Canon 135mm f/2.0: This lens is perfect for portraits of a horse and its owner. It produces a really nice bokeh, is fast and pin sharp. Canon 70-200mm f/2.8: This is my go to lens for just about everything else. It's super fast, especially for horses in movement as this lens has more flexibility than the prime 135mm lens. Canon 5D Mark II, III, IV or 1DX: As a professional the camera body is as important as the lens. For an equine photo session you’ll need a fast camera, a good noise performance (especially when shooting action motifs in bad weather) and, of course, a fine sensor for high quality images.


Use the best times of the day

Lighting is the key in all photography. Early morning light, half an hour after sunrise, and the light an hour or so before sunset (referred to as Golden Hour) can help you to shoot some truly exquisite photographs.

Depending on the weather, when the sun is at its highest in the sky it can be tricky as you’ll find the light casts quite a bit of shadow.

Overcast days are often the best for shooting sharp, clean shots.

Where to shoot is often out of your control, and indoor arenas can be challenging due to the lack of natural light, however many of the latest professional DSLRs have fantastic low light options.

I avoid using flash, for obvious reasons. If I am to provide lighting it is via a studio light box, which I may choose to use in some of my horse portraiture sessions.


Look for good lighting. Choose light, golden areas like a sand arena to reflect light back up on the horse and rider

Choose your backgrounds

I prefer to put some distance between the background and the horse. This is called depth-of-field. Avoid placing the horse right up against hedges or trees. If a tree is in the background, with a good depth-of-field, ensure there are no branches sticking out above the horse's head as you look through the lens. This can save a lot of post editing time afterwards! Look for areas that reflect light. For example, arena surfaces can play havoc with shots as dark rubber surfaces suck the life out of photos. Find light, golden surfaces that will reflect light up onto the horse and/or rider.


Get those ears forward

Ask someone to stand out of sight and make a noise while everyone else is quiet.

If the horse can’t see where the noise is coming from, he’ll use his ears to find it.

Be sure to send your sound maker in the direction you want the ears to point and take care not to startle the horse or upset him.
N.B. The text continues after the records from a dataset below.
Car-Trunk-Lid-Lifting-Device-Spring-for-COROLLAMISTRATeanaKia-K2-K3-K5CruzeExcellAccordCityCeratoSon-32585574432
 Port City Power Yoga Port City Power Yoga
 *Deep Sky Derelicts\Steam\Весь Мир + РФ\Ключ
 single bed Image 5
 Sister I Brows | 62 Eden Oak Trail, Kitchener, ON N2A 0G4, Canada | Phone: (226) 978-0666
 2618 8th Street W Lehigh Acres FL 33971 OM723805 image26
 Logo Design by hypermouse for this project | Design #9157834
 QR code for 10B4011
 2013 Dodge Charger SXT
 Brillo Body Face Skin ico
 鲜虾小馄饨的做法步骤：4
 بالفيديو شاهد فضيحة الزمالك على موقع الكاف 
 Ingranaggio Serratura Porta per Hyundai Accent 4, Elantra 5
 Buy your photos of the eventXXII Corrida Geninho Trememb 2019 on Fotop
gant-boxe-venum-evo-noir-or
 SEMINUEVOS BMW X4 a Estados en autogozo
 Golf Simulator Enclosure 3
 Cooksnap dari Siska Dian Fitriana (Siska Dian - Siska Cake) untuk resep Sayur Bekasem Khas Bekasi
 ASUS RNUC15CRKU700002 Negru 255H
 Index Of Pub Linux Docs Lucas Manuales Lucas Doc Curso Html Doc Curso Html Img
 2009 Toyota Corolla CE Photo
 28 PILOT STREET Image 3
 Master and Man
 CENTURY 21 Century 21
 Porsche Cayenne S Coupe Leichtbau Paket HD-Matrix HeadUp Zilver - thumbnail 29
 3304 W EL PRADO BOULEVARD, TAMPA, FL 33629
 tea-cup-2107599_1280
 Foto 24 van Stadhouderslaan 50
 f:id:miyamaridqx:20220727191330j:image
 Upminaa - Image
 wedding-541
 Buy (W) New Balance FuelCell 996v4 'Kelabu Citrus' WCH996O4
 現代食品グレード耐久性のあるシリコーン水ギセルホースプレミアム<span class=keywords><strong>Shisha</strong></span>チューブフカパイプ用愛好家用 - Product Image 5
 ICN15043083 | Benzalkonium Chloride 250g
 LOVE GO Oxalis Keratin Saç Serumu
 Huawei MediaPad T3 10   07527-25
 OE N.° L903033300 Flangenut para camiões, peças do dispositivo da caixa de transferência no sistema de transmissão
Photographing the perfect jump

I lock onto the horse's eye as I'm following her before she approaches the jump. This enables the sharpness and clarity of the shot. Knowing the precise moment to press the shutter button as the hooves rise over the jump comes with practice but your camera’s frame rate can help. The quicker its rate, the more frames it can shoot in a short period of time from which you'll have a range of varying jump shots to choose from. 


Preparing your models

If you're photographing for others, the amount of preparation is completely up to you (or the horse's owner).  If you are photographing different horse breeds, it's a good idea to research the breed type and their characteristics. I'd suggest to the owner they present the horse as they would do in preparation for a show or competition. For example, clean, clipped, hooves painted, make up and ensure any gear the horse will be wearing is clean and oiled also. For your human, suggest several outfit changes, emphasising they dress appropriately for the weather and season. I always recommend they have their hair and make-up professionally done, however it is important they feel the most comfortable in themselves.


Seize the moment

While the above guidelines are great, always be on the lookout for opportunities to express your creativity. If you see a beautiful shot, take it! It doesn't matter if the lighting, background or clothing isn't right. Often what can make a winning photo is the emotion displayed within it. And remember to have fun!


If you see a beautiful shot, take it! Go with your gut instincts. Some of my most treasured images have been when I felt the moment to be right, despite the conditions.